This code has been written using Pytorch 0.4.

Import data

We have put word embeddings, entity and relation embeddings learned from TransE[1] to the folder of data.

Basic example

Go to the model path and run:

❱❱❱ python3 main.py

In this setting, the default hyperparameters are used.

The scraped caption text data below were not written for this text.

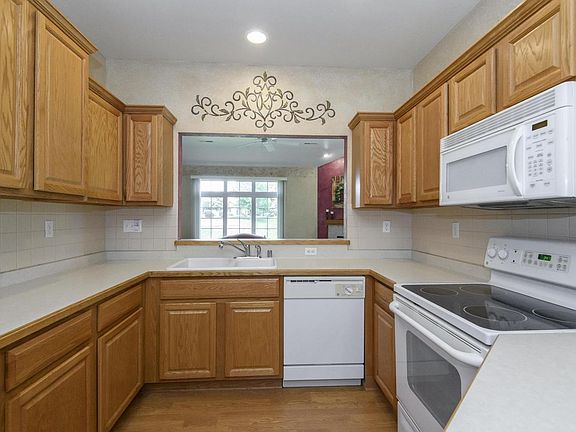 5th image of 5394 S Butterfield WAY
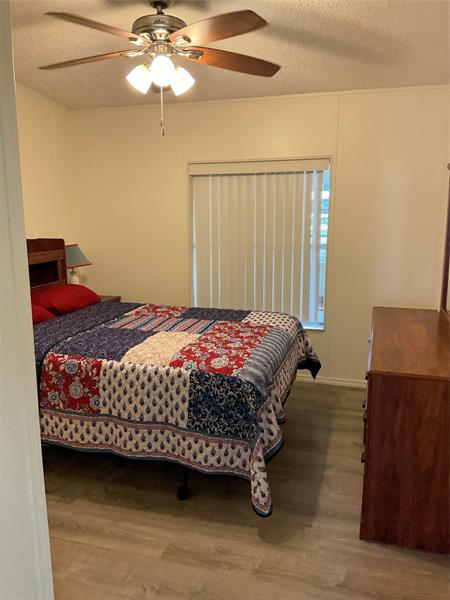 Image 29 of 67 For 2128 32nd St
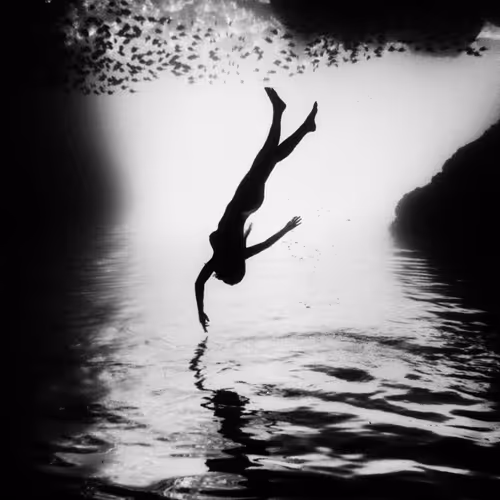 Thewandererinthehiddendepths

Or run in specific settings:

❱❱❱ python3 main.py --trainPath ../data/train.txt --validPath ../data/valid.txt --testPath ../data/test.txt --trainGold ../data/trainGold.txt --testGold ../data/testGold.txt --batchSize 100 --wd 100 --ed 100 --hop 2 --clas 2 --epoch 20 --wePath ../data/wordEmb/bio-word2id100 --w2IDPath ../data/wordEmb/bio-embed100 --eePath ../data/KB/entity2vec.vec --rePath ../data/KB/relation2vec.vec --t2idPath ../data/KB/triple2id.txt --e2idPath ../data/KB/entity2id.txt --paraPath ./parameters/kan --results ./results/ --training True --lr 0.1 --wdecay 0.0 --validsetR 0.15

the option you can choose are:

  • --trainPath path of training dataset.
  • --validPath path of valid dataset.
  • --testPath path of test dataset.
  • --trainGold path of triples of training dataset
  • --testGold path of triples of test dataset
  • --batchSize batch size.
  • --wd dimension of word embedding.
  • --ed dimension of entity embedding learned from TransE.
  • --hop number of hop.
  • --clas number of class.
  • --epoch number of iterations.
  • --wePath path of word embedding file.
  • --w2IDPath path of file that contains mapping from word to its number.
  • --eePath path of entity embedding file.
  • --rePath path of relation embedding file.
  • --t2idPath path of file that contains the triples.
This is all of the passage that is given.